The result in Sokolow, dashing dreams of “international justice” administered by U.S. courts, was predictable, not just because the standard for general jurisdiction under which it was decided was decidedly narrowed by the U.S. Supreme Court in Daimler. The Court of Appeals’ determination is best understood as a judicial reflection of contextual political reality. Notwithstanding separation of powers concerns, the court no doubt was motivated by the perception that the lower court judgment, if upheld, would severely affect U.S. foreign policy in its current dependency on the defendants, the PLO and Palestinian Authority, for moderation in the Israel-Palestinian conflict.

United States foreign policy walked a fine line in Sokolow.

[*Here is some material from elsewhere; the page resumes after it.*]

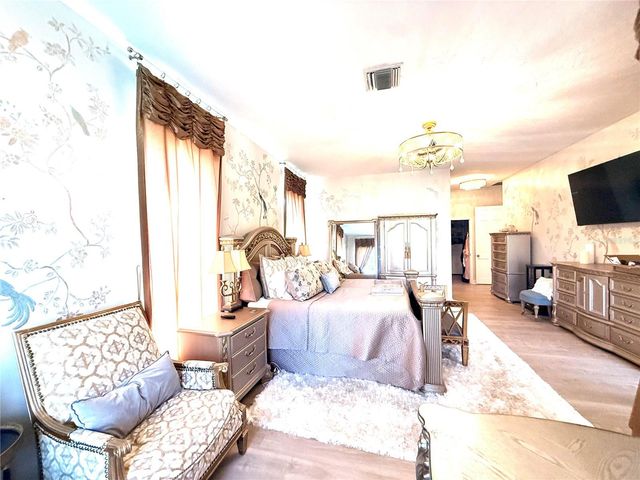 405 WELLINGTON COURT, Venice, FL 34292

On the one side was the concern to demonstrate public support for the plaintiff’s families in their pursuit of redress for the heinous nature of their loss. On the other was the concern not to further undermine the unhappy and fragile partnership we still call “The Middle East Peace Process.”

This was evident in the U.S. government’s position asserted in the lower court on the question of the posting of bond on appeal. While voicing its support of the plaintiffs, the government interjected its concern that a large bond could threaten the economic viability of the Palestinian Authority and undermine “several decades of U.S. foreign policy.” So much more so, of course, for a verdict of $655 million. And after Sokolow was decided, the plaintiff’s attorneys evidently recognized this same political reality, calling for Congress and the State Department to intervene to ensure that the families are compensated. Thus, probably the principal instruction of Sokolow is that when international justice and international politics intersect, such virtual justice is often the best that can be obtained.